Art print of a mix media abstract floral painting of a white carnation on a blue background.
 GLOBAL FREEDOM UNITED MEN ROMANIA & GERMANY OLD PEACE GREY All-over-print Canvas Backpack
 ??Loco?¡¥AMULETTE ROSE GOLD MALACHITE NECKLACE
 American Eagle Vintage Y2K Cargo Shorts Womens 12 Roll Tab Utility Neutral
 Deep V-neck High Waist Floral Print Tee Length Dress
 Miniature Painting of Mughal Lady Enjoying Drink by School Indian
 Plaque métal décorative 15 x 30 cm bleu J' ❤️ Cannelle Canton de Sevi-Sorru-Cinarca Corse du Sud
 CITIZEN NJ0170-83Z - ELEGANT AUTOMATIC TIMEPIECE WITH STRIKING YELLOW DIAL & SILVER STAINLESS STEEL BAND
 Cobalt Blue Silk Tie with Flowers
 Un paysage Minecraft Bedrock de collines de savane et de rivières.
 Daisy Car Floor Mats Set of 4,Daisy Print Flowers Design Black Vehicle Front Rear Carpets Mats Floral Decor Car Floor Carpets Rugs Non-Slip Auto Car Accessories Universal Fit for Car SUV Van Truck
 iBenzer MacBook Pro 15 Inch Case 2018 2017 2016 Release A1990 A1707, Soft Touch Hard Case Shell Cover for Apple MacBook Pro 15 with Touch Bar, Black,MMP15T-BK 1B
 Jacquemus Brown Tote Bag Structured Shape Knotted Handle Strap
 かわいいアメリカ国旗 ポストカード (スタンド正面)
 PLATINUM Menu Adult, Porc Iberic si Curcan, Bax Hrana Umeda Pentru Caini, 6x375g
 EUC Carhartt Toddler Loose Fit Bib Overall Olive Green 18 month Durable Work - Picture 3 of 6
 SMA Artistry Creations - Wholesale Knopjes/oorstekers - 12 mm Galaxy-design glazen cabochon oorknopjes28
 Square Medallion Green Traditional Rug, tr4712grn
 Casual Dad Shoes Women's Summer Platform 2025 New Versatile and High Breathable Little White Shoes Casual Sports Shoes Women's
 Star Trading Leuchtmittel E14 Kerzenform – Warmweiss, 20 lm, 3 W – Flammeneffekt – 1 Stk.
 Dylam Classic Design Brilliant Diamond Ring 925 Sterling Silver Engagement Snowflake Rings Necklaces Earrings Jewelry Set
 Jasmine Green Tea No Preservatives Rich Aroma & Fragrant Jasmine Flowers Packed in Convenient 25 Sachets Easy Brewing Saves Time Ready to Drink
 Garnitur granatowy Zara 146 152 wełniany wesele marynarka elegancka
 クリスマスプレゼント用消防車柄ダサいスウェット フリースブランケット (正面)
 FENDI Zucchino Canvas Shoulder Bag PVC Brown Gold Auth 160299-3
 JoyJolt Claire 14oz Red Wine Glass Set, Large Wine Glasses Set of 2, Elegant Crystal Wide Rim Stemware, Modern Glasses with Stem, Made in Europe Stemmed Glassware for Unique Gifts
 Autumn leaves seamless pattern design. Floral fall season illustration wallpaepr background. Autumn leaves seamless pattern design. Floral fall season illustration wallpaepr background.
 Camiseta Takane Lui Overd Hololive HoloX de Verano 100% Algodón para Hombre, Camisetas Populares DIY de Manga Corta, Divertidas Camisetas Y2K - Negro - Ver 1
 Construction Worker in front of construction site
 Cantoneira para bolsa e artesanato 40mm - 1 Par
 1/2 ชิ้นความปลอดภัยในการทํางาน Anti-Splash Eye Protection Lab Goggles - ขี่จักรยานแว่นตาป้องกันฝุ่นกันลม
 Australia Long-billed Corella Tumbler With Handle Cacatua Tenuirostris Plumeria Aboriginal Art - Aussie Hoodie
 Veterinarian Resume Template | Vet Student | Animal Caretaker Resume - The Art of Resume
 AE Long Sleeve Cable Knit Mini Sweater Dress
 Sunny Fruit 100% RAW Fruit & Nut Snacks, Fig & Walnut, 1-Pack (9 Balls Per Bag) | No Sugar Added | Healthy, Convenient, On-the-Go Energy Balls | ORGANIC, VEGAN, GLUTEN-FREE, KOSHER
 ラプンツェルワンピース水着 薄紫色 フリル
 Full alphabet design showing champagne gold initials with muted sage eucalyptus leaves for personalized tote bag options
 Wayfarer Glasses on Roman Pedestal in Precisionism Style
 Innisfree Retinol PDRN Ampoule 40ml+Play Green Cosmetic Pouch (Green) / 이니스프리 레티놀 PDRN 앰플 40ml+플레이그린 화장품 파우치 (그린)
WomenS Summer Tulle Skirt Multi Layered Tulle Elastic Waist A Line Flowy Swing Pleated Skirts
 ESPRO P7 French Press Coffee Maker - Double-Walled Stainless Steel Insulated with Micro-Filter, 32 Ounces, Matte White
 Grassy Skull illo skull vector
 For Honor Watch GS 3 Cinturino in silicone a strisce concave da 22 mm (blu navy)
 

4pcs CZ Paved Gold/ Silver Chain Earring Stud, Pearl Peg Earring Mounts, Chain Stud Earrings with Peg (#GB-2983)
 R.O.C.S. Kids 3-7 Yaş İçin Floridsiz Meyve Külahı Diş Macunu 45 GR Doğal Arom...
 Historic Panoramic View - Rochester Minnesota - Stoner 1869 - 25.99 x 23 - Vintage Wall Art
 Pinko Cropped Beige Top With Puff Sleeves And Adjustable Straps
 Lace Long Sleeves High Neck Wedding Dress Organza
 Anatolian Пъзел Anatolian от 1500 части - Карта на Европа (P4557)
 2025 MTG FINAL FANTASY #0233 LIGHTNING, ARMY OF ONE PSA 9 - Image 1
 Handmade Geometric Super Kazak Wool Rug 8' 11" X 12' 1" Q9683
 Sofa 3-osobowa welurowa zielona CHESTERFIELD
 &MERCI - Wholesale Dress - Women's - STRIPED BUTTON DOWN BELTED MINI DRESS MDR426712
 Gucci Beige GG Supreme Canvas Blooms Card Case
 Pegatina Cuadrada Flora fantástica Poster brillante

——

#### [Assignment]
Across the listing above, how many lines include the string "Green"? Answer with a single number.

#### [Answer to this problem]
4